理論だけではうまくいくものではなく、「利便性の高いところより住み慣れた郊外で、車で移動する生活を続けたい」という要望もあり、住まう場所の自由は優先されるべきものでもあります。
多額の税金が投じられ「ハコモノ行政だ」とその効果を疑問視する声や、青森市や富山市などを「失敗事例だ」として扱う意見もあれば、「今は過渡期であり判断することは時期尚早だ」「そんなに早い話ではない」と反論する向きもあります。
コンパクトシティそのものにも賛否両論あり、またなにが本質と捉えるかによってもその成否を判断することは難しいのです。
資産価値(将来の転売価格)を重視するなら利便性の高い立地の物件を
大切なのは、その地域(郊外)の未来とそこから生まれる課題を全員で共有し、長い目でみてなにがベストな選択肢かを住民一体となって考えることでしょう。
今のままそこに住み続けた場合に、行政サービスがおろそかになっては基本的な生活さえ立ち行かなくなってしまう恐れがあります。すべてを満たす解決策がない中、自治体が主導しつつ住民が納得する方法で解決していきたいものです。
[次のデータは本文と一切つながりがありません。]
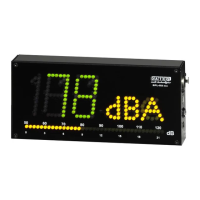 Preview: Dateq SPL-D2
新たにマイホームを購入する視点でいえば、不便な立地にある郊外住宅を買った場合、資産価値(将来売却する時の値段)が大きく毀損する可能性があります。
もちろん、金銭的なメリットを超えた目的があれば郊外住宅の購入も可能です。
しかし、利便性の高い地域や、立地適正化計画が示された場合には居住誘導区域内に住宅を購入することが家にもローンにも縛られない生活を実現する第一歩でしょう。ここでも長い目でみたあなたのライフプランと一緒に考えてくださいね。